There was a blog post by my former editor, Danielle Moss, co-founder of The Everygirl, where she invites women to Find a Friend in Your City. It seems to be wildly successful, except for those of us (is anyone actually out there?!) in Omaha. Either the fan base for TEG is absent in Omaha, or those here are like me: comfortably anti-social.

Sooo now what? I love my friends from home. They’re the best damn tribe of humans I’ve ever met and I don’t want to even consider allowing anyone else into the inner sanctum that is my life with the hubs, because overall we’re content having nobody to answer to while we’re here. But then again, there are only so many times I can drag him to brunch and make him watch me take photos of our drinks;  a new comrade might be just what I need so I have to keep trying.

This resolution is to make a friend (or friends depending on how ambitious I’m feeling). After a cursory search in the app store for new entertainment, I stumbled on an app that I honestly thought was about wine (oops!), called Hey Vina!. It’s basically like Tinder (at least that’s what I assume because I’ve never used Tinder) for friendship and for women only. I set up my profile, took some quizzes about my aura (I’m pink supposedly but I don’t know how much value I’d attribute to that), my interests, and so on.
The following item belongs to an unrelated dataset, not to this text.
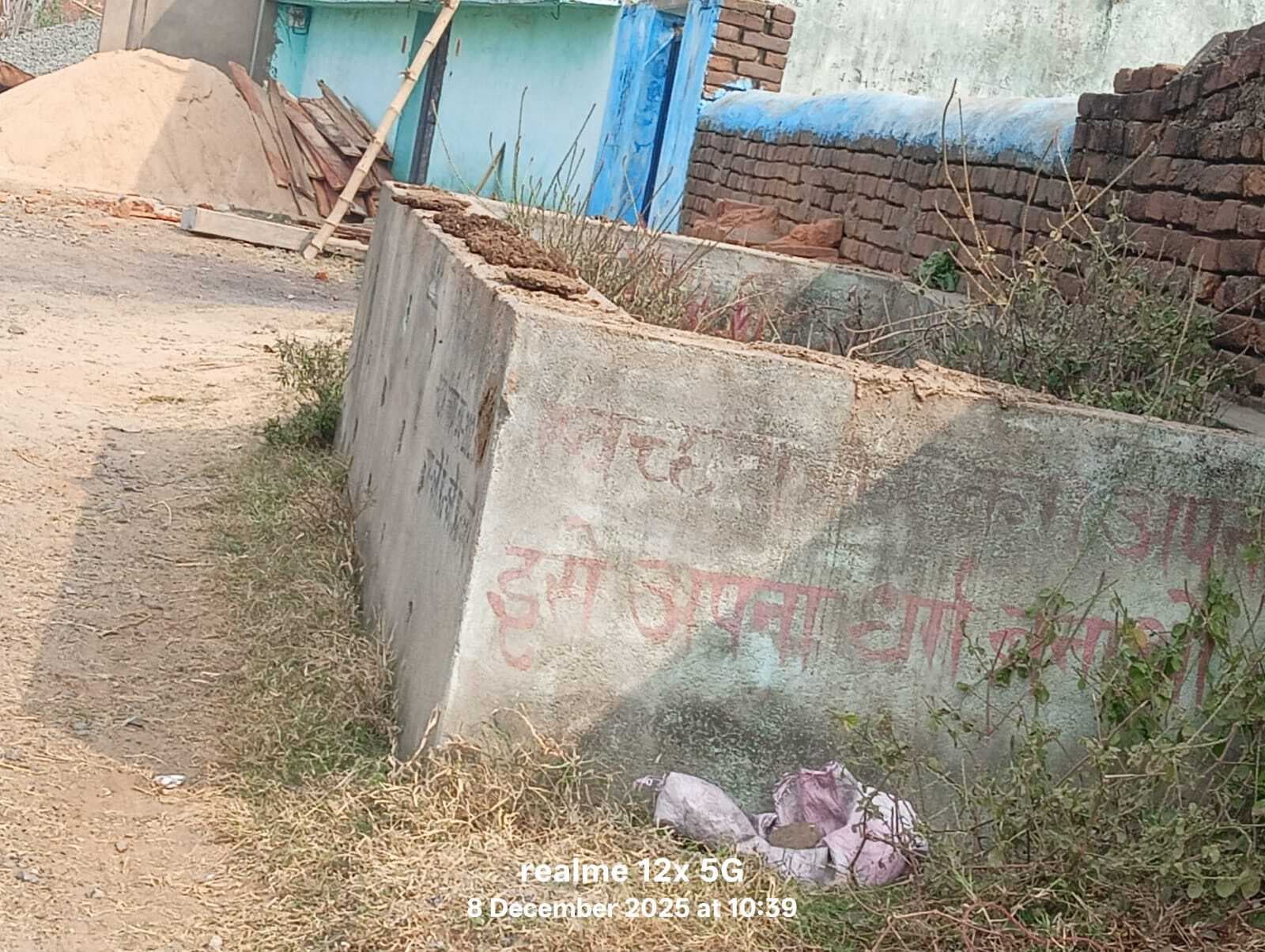 सड़कों पर बालू व ईंटा डंप होने से राहगीरों को हो रही परेशानी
So I swiped right a few times.

And I matched with someone.

And then I proceeded to panic: What was I thinking?? I don’t need any new friends! I don’t want to tell a stranger my life story! I don’t want to explain anything to anyone. This is what happens when I peruse the app store with wine.

But then I said screw it. Worst case scenario, I never talk to this gal again.

I’m happy to report that I had coffee with my Vina match today and she actually kind of kicks ass. She’s my age-ish, not ready for babies, and is down for trying new restaurants. Honestly, we started talking about food before we even did the awkward ‘So why are you doing this’ convo, so we definitely jive.

Obviously there’s more to making friends than one coffee date, and debating the merits of donuts with someone, but I think this is a good start in remembering what it’s like to put myself “out there”.

Dating was weird in college, but this friendship equivalent might be even more delicate because it’s all optional, and in your hands. No teachers here to make you bond over the woes of a final exam, or annoying classmates to roll your eyes at in a show of solidarity. It’s just you, and that’s certainly more terrifying.

But if it was easy, it wouldn’t be worthy of a resolution, would it? We’ve tentatively got plans for happy hour or something this week, so I’ll let you know how it goes. I’m curious… What do other people do to make friends these days of digital connections? Or do they just live in contented solitude? When was the last time you made a new friend on your own?